WASHINGTON — The Air Force wants to say thank you to the parents of airmen. And danke. And grazie. And domo arigato.

On Friday in Washington, the director of the Your Guardians of Freedom program office at the Pentagon, Brig. Gen. Edward Tonini, introduced “E pluribus unum,” an expansion of the Parent Pin program.

The new program makes it possible for parents who don’t speak English to receive the pins with a letter from Air Force Chief of Staff Gen.
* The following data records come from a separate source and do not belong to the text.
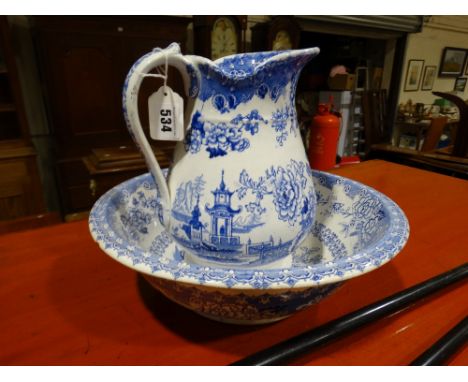 A Staffordshire Pottery Blue &amp; White Transfer Decorated Wash Jug &amp; Basin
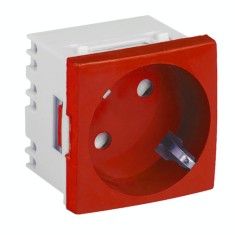 Priza modulara schuko cu impamantare, rosu - DLX DLX-245-46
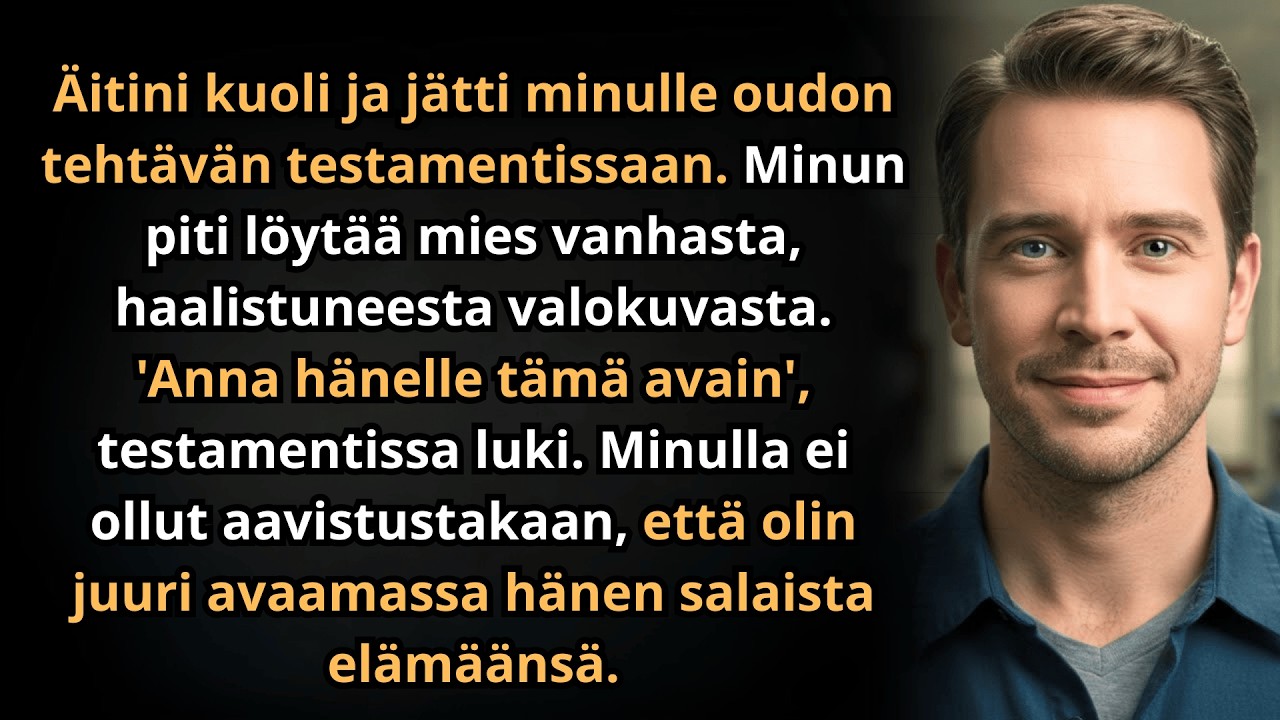 Äitini kuoli. Hänen testamentissaan oli viimeinen, outo pyyntö: Etsi mies tästä valokuvasta.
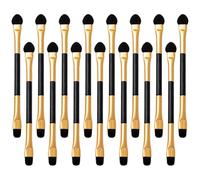 MUSISALY Juego de Pinceles para Ojos 15 Piezas Aplicadores de Maquillaje de Ojos Doble Cabeza, Material Plástico y Pelo Sintético, Diseño Fácil de Agarrar para Mujeres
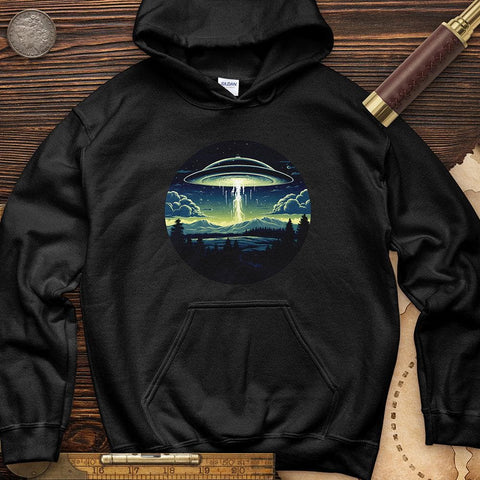 Alien Spaceship Hoodie Black / S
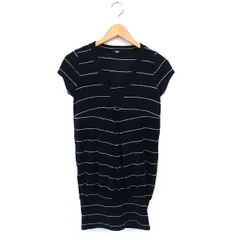 スライ SLY ワンピース コクーン ミニ パイル コットン混 ボーダー プランジングネック 半袖 1 黒 ブラック /NT11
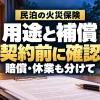 民泊の火災保険：用途と補償を契約前に確認。賠償・休業も分けて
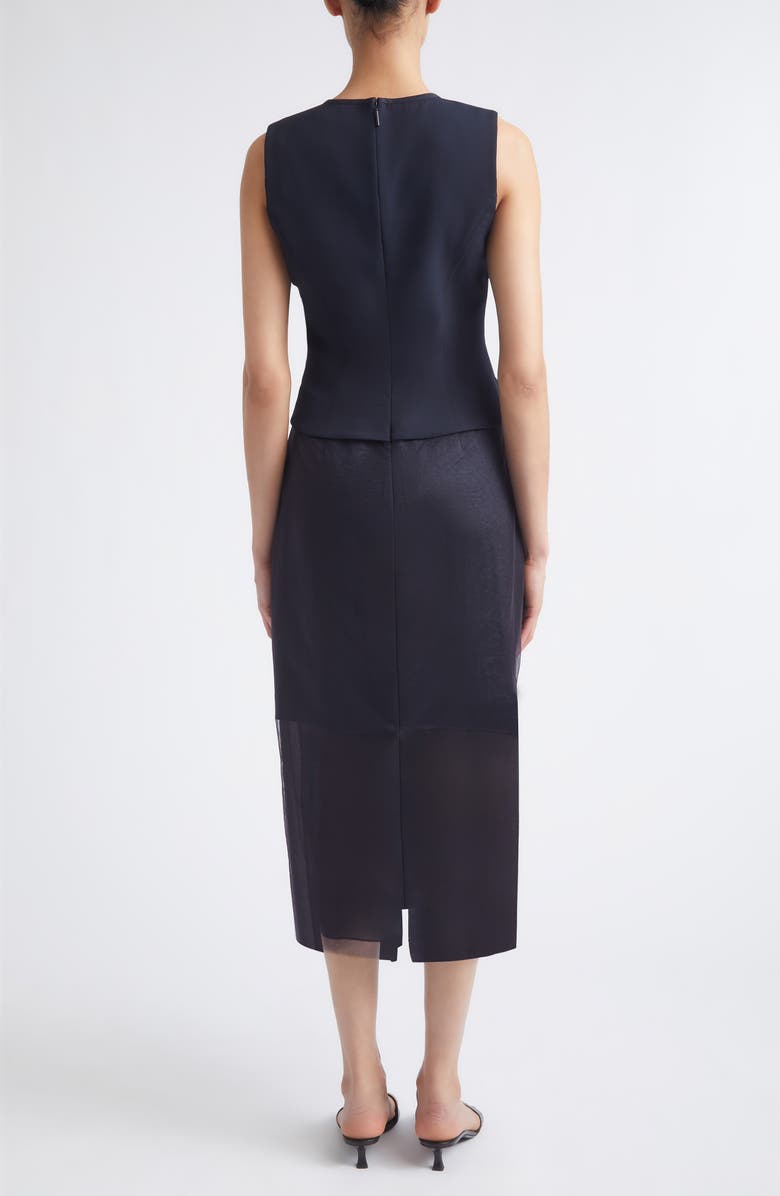 Jason Wu Collection Sleeveless Cady, Satin & Chiffon Layered Cocktail Dress, Alternate, color, Ultra Navy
John P. Jumper and Secretary James Roche in their native language.

In a brief ceremony, the parents of three airmen were given the pins and letters, two in Spanish and one in Tagalog, the primary language of the Philippines.

Letters are available in 100 languages.

In May, the service rolled the Parent Pin program, designed to say thank you to parents for being the support network for their fighting force.

“It’s not just the kids who go out there” and become airmen, Jumper said when the program was introduced. “It’s also the parents, who brought these kids to us.”

A Pentagon officer who got the pin for his father in Colombia commented that it would be “so much more meaningful” for his dad to have a document in his native tongue.

Tonini says the number of requests they’ve gotten shows how important so simple a gesture can be for families.

“Parents want to brag about their kids. Ultimately, airmen vote with their feet. If we take care of the parents and families, then we can keep those highly-trained individuals.”